Well, I will say we had already landed and so you didn't have that feeling of being in the air. So I think it was a good call not to tell people while we were in the air. And then once we were on the ground, once we were told, we were out of the plane within about 15 minutes. So there wasn't a lot of time on the plane, which is, you know, if there was a device aboard, that's where the danger would have been. But I will say there were a lot of kids on the plane, you know, of all ages and I'm sure those parents were terrified.
Yeah. Did anybody say anything about when the note was found? Or, you know, they said it was found in the bathroom? Do you know if that's accurate too?
You know, I don't know for sure. I had a sense from listening to people's conversation because, you know, conversation starts to run rampant as people scroll around on their phones. And so different pieces of information came forward. I did hear someone say that a note had been found in the bathroom on the plane. But that was from someone who wasn't an official just a passenger, so no way to know for sure.
You also said that they took you to a hangar with the bomb sniffing dogs checking you, I want to say marched over there.
Yeah, that's kind of what it was like!
What was the process in the hangar? I mean, is this something where they were very intensely focused on you and the passengers or were they more focused on the plane?
Well, I'd say there was two things. So once we were all in the hangar, it was mostly about giving us information. They gave us some water and a snack if you were hungry. But, you know, it was the area behind the luggage carousels where they load in the luggage, but basically a big open hanger. And it dawned on me about halfway through the little briefing we were getting that there were a whole lot of police at one end and a whole lot of police on the other end. And, you know, we were contained I would say in the same way that the plane was contained. Which makes sense when you think that they don't know if the person who wrote the note is in the group and they don't know if the person who wrote the note is a danger. So you realized after a while that we were being scrutinized as well as the plane and the bags.
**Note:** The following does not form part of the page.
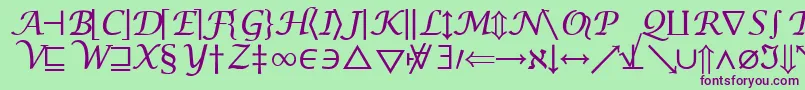 フォントInsightMathSymbolSsiSymbol – 緑の背景に紫のフォント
What do you make of the overall response for this incident? I mean, you know, you're fairly high level in in Vermont government. This has got to be a little bit unique for you. But what do you make of the response at Burlington International?
I think they did a fantastic job. You know, they're presented with what seems to be an imminent threat. They can't just blow it off. They have to treat it at the highest level, partially because it's happening in the air in real time. So they got a call from the plane while it was still above Vermont. So I appreciated everything they did. It was all well thought out. And I think in terms of the passengers and what we all had to go through, it was obviously stressful, but much less so because of the way they handled it. So I appreciated that.
And how are you now that you've had basically only a few hours really to decompress after experiencing something like this?
I'm fine. But you know my traveling days are over for a few months so I'm kind of glad about that.
Vermont state Senate Pro Tem Phil Baruth speaking with WAMC’s North Country Bureau Chief Pat Bradley. Baruth was a passenger on Sunday’s United Airlines flight into Burlington, Vermont, which was subject to an emergency investigation upon landing to due to what authorities said was a non-credible threat.